* AVAILABLE DATA:

▼▼▼

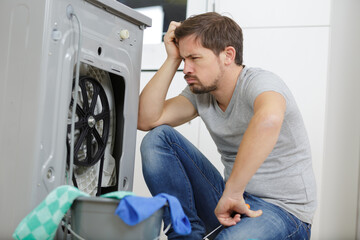 upset young man sitting next to washing machine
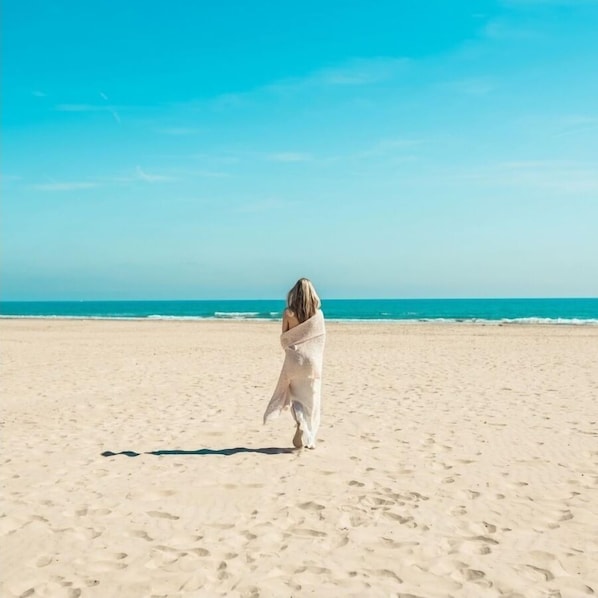 Nær stranden, hvit sand, parasoller og strandyoga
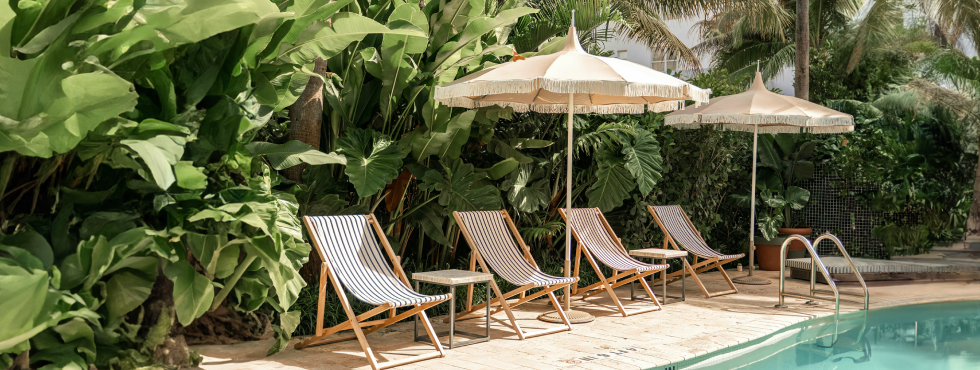 Beach chairs and umbrella in front of greenery and next to relaxing pool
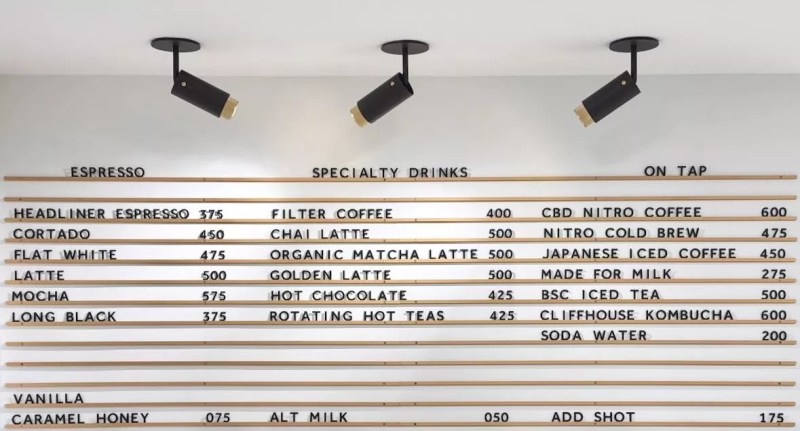 a white menu board with black letters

▲▲▲

* WORK TASK:
Leaving out the images, repeat the listing above exactly.

* OUTPUT BELOW:
 upset young man sitting next to washing machine
 Nær stranden, hvit sand, parasoller og strandyoga
 Beach chairs and umbrella in front of greenery and next to relaxing pool
 a white menu board with black letters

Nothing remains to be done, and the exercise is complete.